Patent – Patently-O 2017-12-29

Pain and Suffering: Prof. Ronen Avraham was moved by the story of Robert Kearns (Flash of Genius) and asks Should Courts Award Pain and Suffering Damages in Patent Infringement Cases?  His answer is YES, “courts should award damages to solo inventors for noneconomic harm resulting from patent infringement.”

Licensing Without Litigation: Mark A. Lemley has again teamed up with Kent Richardson and Erik Oliver to provide some data about the “Patent Enforcement Iceberg” — licenses of non-litigated patents.  Their tentative conclusion is that the iceberg isn’t that deep.   In a separate econ paper (Bereskin, et al) argues that plaintiffs bringing patent infringement lawsuits see increased stock-value.

All Elements (Limitations): Ted Field’s article on patent terminology probably doesn’t provide a lot for experienced patent attorneys – except for his discussion of “limitations” vs. “elements.” He writes:

Claims are made up of constituent parts, which are properly called “limitations.” It is improper to refer to the constituent parts of a claim as “elements.” Instead, “elements” properly refers only to a constituent part of an accused device or a prior-art reference, not to a constituent part of a claim.

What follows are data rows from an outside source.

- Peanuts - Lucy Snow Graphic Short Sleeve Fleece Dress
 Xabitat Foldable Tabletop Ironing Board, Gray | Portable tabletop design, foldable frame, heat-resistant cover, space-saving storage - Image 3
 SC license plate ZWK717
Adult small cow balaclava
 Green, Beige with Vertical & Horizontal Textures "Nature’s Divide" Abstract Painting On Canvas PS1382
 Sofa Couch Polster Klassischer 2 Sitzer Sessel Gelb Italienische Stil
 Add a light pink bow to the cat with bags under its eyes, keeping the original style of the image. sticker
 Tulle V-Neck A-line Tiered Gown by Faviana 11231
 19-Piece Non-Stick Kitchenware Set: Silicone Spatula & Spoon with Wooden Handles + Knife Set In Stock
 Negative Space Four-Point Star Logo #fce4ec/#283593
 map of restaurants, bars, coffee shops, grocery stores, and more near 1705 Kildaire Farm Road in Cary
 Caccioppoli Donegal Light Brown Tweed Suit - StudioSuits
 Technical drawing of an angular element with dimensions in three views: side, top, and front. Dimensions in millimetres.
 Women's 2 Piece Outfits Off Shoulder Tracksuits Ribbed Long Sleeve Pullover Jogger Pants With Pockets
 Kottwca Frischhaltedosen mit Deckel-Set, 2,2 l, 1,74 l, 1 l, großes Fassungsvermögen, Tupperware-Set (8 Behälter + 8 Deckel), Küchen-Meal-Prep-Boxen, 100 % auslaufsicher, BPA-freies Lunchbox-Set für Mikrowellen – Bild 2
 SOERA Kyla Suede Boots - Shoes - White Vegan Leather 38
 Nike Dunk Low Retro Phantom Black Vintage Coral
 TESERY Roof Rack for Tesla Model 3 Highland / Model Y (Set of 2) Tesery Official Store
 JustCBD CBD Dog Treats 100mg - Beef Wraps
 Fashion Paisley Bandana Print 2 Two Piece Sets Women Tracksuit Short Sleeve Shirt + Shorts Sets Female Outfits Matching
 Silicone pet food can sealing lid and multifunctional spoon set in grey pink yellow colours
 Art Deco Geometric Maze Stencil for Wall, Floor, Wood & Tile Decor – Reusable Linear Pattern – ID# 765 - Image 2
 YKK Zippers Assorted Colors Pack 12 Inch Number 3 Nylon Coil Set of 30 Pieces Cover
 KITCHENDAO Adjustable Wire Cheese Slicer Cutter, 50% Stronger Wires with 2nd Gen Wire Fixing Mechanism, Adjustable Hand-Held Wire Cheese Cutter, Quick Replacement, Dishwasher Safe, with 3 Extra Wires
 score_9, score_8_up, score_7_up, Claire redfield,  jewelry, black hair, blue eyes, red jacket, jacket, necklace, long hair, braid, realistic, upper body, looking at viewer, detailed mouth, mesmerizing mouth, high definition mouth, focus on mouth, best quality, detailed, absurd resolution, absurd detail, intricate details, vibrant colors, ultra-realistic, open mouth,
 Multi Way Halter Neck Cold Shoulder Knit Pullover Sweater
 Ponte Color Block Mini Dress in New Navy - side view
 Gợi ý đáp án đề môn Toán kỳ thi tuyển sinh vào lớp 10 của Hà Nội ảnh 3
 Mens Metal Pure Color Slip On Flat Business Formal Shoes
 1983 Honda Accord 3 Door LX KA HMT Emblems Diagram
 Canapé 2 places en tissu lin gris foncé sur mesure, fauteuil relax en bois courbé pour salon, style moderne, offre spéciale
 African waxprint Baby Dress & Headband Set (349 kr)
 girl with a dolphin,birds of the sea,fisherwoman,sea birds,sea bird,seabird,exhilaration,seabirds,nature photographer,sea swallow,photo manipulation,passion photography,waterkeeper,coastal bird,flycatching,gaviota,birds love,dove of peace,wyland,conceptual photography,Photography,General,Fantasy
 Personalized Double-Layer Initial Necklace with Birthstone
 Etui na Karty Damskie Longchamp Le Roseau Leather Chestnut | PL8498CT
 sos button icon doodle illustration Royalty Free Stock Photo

Although Field cites authority for his proposition, I will note that the Federal Circuit regularly considers “claim elements.”  Consider, the following two recent examples: Bosch Automotive Serv. Sols., LLC v. Matal, 2015-1928, 2017 WL 6543777 (Fed. Cir. Dec. 22, 2017) (“When no structure in the specification is linked to the function in a means-plus-function claim element, that claim is indefinite under 35 U.S.C. § 112, ¶ 2.”); Smart Sys. Innovations, LLC v. Chicago Transit Auth., 873 F.3d 1364, 1373–74 (Fed. Cir. 2017)(“The second step of the § 101 analysis requires us to determine whether the *1374 claim elements, when viewed individually and as an ordered combination, contain ‘an inventive concept sufficient to transform the claimed abstract idea into a patent-eligible application.'”)

Inherently Abstract vs Temporally Abstract: Alan Gocha’s new article focuses on patent eligibility and provides “an ontological model for determining section 101 patent eligibility under Alice.”  I think the most important contribution that Gocha makes is to categorize abstract ideas into those that are “inherently abstract” (preexisting fundamental truths) from those that are only “temporally abstract” (longstanding practices).  In his view, these two different types of abstract ideas should involve different jurisprudential approaches.